**Problem to work on:** Print the first line of the data below and every one after it, through the line containing "Skyscale Egg 17.png", exactly as written.

-- Data under study follows --

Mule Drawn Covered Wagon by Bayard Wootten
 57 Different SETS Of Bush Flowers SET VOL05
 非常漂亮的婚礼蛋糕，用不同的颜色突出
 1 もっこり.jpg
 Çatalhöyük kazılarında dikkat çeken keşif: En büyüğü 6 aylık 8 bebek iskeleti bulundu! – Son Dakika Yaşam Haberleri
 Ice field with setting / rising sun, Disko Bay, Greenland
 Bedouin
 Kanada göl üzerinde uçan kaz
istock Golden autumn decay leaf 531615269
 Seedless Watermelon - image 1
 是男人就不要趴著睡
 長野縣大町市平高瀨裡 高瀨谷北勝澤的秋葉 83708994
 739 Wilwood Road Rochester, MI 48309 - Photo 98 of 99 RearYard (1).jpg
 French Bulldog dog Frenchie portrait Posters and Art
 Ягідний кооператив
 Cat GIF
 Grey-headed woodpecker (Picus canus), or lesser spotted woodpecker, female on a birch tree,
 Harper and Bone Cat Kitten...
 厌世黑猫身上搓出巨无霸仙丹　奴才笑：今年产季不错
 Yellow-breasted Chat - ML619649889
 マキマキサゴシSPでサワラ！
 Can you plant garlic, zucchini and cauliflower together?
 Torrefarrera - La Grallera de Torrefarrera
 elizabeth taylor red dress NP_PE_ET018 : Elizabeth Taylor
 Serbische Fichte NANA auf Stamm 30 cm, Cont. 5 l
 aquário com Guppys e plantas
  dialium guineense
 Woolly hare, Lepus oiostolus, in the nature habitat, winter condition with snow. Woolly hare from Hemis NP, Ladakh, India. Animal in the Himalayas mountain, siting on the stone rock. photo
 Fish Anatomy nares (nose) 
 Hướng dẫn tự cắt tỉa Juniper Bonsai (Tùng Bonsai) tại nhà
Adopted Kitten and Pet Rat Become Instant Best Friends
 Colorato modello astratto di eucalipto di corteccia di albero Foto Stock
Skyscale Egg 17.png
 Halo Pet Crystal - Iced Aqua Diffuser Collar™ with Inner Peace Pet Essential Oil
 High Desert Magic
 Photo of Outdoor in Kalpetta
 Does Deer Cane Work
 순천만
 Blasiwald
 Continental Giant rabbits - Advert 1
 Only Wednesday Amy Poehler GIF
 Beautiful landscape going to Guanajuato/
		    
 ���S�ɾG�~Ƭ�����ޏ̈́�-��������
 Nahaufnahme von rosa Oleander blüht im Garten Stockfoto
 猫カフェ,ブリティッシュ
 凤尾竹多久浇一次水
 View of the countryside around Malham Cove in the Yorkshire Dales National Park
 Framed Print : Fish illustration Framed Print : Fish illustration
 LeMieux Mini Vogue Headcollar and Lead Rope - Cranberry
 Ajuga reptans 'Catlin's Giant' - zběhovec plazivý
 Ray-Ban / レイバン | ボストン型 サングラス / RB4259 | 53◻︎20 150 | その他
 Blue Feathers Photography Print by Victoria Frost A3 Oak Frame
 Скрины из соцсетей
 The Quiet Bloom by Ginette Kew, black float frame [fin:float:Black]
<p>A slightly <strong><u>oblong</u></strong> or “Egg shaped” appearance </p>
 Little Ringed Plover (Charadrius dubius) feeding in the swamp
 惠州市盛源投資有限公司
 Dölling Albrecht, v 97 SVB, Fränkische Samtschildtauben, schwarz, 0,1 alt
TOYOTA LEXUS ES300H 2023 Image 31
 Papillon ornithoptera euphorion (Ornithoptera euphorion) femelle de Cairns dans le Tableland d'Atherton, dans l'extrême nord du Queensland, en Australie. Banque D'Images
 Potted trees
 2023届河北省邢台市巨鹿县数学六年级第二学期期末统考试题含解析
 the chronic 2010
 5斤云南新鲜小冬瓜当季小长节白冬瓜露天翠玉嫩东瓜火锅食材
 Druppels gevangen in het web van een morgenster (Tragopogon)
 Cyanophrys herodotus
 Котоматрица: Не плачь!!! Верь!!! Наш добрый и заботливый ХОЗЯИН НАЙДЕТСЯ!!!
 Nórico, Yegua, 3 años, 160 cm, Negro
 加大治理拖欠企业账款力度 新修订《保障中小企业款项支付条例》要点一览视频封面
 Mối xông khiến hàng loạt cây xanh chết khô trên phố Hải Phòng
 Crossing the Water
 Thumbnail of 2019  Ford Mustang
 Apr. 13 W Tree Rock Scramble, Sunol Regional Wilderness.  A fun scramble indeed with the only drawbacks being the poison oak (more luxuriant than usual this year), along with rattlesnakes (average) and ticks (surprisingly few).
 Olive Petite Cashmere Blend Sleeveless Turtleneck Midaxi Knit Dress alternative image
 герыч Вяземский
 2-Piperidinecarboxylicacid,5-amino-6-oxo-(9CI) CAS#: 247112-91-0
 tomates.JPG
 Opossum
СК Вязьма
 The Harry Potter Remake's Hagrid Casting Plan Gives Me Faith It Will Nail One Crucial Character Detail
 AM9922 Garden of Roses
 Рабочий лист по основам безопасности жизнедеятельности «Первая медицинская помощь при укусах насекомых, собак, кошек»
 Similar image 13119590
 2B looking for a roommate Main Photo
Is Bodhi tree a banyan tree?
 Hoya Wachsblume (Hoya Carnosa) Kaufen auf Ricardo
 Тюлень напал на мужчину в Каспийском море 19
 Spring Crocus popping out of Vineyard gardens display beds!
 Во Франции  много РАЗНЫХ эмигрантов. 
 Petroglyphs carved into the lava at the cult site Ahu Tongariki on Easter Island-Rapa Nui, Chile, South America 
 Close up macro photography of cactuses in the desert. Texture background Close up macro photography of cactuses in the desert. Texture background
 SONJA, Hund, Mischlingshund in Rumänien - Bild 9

-- Data under study concluded --

**Exercise response:**
Mule Drawn Covered Wagon by Bayard Wootten
 57 Different SETS Of Bush Flowers SET VOL05
 非常漂亮的婚礼蛋糕，用不同的颜色突出
 1 もっこり.jpg
 Çatalhöyük kazılarında dikkat çeken keşif: En büyüğü 6 aylık 8 bebek iskeleti bulundu! – Son Dakika Yaşam Haberleri
 Ice field with setting / rising sun, Disko Bay, Greenland
 Bedouin
 Kanada göl üzerinde uçan kaz
istock Golden autumn decay leaf 531615269
 Seedless Watermelon - image 1
 是男人就不要趴著睡
 長野縣大町市平高瀨裡 高瀨谷北勝澤的秋葉 83708994
 739 Wilwood Road Rochester, MI 48309 - Photo 98 of 99 RearYard (1).jpg
 French Bulldog dog Frenchie portrait Posters and Art
 Ягідний кооператив
 Cat GIF
 Grey-headed woodpecker (Picus canus), or lesser spotted woodpecker, female on a birch tree,
 Harper and Bone Cat Kitten...
 厌世黑猫身上搓出巨无霸仙丹　奴才笑：今年产季不错
 Yellow-breasted Chat - ML619649889
 マキマキサゴシSPでサワラ！
 Can you plant garlic, zucchini and cauliflower together?
 Torrefarrera - La Grallera de Torrefarrera
 elizabeth taylor red dress NP_PE_ET018 : Elizabeth Taylor
 Serbische Fichte NANA auf Stamm 30 cm, Cont. 5 l
 aquário com Guppys e plantas
  dialium guineense
 Woolly hare, Lepus oiostolus, in the nature habitat, winter condition with snow. Woolly hare from Hemis NP, Ladakh, India. Animal in the Himalayas mountain, siting on the stone rock. photo
 Fish Anatomy nares (nose) 
 Hướng dẫn tự cắt tỉa Juniper Bonsai (Tùng Bonsai) tại nhà
Adopted Kitten and Pet Rat Become Instant Best Friends
 Colorato modello astratto di eucalipto di corteccia di albero Foto Stock
Skyscale Egg 17.png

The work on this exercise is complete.